*** Opening of DATA EXTRACT ***

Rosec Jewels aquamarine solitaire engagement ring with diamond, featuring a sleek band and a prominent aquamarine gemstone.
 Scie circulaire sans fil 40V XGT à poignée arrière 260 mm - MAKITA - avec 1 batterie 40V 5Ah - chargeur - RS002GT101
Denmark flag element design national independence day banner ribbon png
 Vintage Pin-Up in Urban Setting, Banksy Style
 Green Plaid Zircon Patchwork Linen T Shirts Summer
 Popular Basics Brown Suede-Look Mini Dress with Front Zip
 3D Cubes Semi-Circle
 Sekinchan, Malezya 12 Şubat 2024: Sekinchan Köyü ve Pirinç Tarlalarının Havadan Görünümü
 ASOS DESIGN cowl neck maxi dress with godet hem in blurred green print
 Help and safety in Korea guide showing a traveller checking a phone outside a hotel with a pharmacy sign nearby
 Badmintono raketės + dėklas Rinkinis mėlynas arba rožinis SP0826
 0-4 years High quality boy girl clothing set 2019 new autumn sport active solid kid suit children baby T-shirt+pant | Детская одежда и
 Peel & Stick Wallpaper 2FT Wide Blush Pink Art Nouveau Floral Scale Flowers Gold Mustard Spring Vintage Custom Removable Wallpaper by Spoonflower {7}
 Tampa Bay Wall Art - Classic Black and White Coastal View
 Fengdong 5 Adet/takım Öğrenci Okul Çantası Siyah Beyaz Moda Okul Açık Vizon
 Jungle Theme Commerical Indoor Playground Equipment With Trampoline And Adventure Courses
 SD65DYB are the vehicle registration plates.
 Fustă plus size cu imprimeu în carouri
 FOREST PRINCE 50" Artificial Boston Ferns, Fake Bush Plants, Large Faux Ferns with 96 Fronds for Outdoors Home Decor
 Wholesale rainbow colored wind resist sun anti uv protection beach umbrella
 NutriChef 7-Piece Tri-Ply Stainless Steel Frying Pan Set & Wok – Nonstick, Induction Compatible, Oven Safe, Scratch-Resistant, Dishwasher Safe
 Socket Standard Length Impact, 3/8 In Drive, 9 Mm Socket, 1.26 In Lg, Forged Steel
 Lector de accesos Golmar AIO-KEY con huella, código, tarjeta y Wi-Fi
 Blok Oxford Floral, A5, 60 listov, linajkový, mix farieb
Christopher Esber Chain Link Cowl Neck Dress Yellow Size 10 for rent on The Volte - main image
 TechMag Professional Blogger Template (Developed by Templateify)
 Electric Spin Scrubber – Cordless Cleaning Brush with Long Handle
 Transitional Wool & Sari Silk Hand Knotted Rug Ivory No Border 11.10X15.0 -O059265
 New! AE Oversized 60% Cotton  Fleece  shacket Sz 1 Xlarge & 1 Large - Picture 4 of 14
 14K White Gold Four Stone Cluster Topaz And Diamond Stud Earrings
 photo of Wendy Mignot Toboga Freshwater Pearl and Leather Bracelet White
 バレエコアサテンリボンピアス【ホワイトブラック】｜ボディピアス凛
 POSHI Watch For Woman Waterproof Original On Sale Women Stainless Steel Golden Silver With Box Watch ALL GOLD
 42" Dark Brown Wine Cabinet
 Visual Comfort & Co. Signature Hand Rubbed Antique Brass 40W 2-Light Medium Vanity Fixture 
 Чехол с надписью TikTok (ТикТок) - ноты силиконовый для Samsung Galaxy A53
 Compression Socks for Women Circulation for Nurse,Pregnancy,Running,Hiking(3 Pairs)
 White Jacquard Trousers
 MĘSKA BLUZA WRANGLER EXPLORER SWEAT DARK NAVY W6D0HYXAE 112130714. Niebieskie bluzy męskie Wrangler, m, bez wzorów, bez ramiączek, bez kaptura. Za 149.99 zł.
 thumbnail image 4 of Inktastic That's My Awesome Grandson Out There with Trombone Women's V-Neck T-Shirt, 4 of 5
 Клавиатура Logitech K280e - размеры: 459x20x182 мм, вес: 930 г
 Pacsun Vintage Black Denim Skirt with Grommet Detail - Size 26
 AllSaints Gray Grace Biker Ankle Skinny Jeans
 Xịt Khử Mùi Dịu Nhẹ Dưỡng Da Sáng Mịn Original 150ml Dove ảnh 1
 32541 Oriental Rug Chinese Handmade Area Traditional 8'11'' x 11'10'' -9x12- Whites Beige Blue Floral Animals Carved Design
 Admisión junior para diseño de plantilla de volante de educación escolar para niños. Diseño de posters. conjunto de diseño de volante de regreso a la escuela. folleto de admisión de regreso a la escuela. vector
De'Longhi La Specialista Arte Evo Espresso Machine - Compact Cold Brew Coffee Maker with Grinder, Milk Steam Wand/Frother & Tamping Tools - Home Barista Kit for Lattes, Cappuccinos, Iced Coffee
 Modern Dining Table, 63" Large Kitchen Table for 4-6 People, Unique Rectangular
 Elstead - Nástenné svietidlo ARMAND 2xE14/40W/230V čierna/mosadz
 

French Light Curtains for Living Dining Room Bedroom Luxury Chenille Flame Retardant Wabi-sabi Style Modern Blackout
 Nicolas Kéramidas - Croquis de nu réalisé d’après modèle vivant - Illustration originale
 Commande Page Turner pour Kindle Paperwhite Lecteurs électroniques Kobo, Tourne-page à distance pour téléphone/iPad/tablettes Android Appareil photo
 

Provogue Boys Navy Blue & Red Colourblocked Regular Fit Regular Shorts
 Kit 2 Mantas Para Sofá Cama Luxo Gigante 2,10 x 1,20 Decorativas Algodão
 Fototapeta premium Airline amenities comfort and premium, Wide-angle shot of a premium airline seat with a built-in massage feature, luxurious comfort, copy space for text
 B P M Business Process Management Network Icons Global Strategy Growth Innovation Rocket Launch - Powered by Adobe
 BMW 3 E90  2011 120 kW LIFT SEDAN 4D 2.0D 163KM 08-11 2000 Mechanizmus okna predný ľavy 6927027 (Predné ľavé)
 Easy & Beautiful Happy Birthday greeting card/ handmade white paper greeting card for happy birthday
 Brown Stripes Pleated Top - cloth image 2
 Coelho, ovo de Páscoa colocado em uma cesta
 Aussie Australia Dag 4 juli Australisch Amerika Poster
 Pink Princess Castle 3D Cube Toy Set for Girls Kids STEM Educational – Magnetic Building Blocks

*** Close of DATA EXTRACT ***

§ WORK TO COMPLETE
Return only the stretch of the material above from the line holding "photo of Wendy" through the line holding "Elstead - Nástenné", copied exactly.

§ RESULT OF THE EXERCISE
 photo of Wendy Mignot Toboga Freshwater Pearl and Leather Bracelet White
 バレエコアサテンリボンピアス【ホワイトブラック】｜ボディピアス凛
 POSHI Watch For Woman Waterproof Original On Sale Women Stainless Steel Golden Silver With Box Watch ALL GOLD
 42" Dark Brown Wine Cabinet
 Visual Comfort & Co. Signature Hand Rubbed Antique Brass 40W 2-Light Medium Vanity Fixture 
 Чехол с надписью TikTok (ТикТок) - ноты силиконовый для Samsung Galaxy A53
 Compression Socks for Women Circulation for Nurse,Pregnancy,Running,Hiking(3 Pairs)
 White Jacquard Trousers
 MĘSKA BLUZA WRANGLER EXPLORER SWEAT DARK NAVY W6D0HYXAE 112130714. Niebieskie bluzy męskie Wrangler, m, bez wzorów, bez ramiączek, bez kaptura. Za 149.99 zł.
 thumbnail image 4 of Inktastic That's My Awesome Grandson Out There with Trombone Women's V-Neck T-Shirt, 4 of 5
 Клавиатура Logitech K280e - размеры: 459x20x182 мм, вес: 930 г
 Pacsun Vintage Black Denim Skirt with Grommet Detail - Size 26
 AllSaints Gray Grace Biker Ankle Skinny Jeans
 Xịt Khử Mùi Dịu Nhẹ Dưỡng Da Sáng Mịn Original 150ml Dove ảnh 1
 32541 Oriental Rug Chinese Handmade Area Traditional 8'11'' x 11'10'' -9x12- Whites Beige Blue Floral Animals Carved Design
 Admisión junior para diseño de plantilla de volante de educación escolar para niños. Diseño de posters. conjunto de diseño de volante de regreso a la escuela. folleto de admisión de regreso a la escuela. vector
De'Longhi La Specialista Arte Evo Espresso Machine - Compact Cold Brew Coffee Maker with Grinder, Milk Steam Wand/Frother & Tamping Tools - Home Barista Kit for Lattes, Cappuccinos, Iced Coffee
 Modern Dining Table, 63" Large Kitchen Table for 4-6 People, Unique Rectangular
 Elstead - Nástenné svietidlo ARMAND 2xE14/40W/230V čierna/mosadz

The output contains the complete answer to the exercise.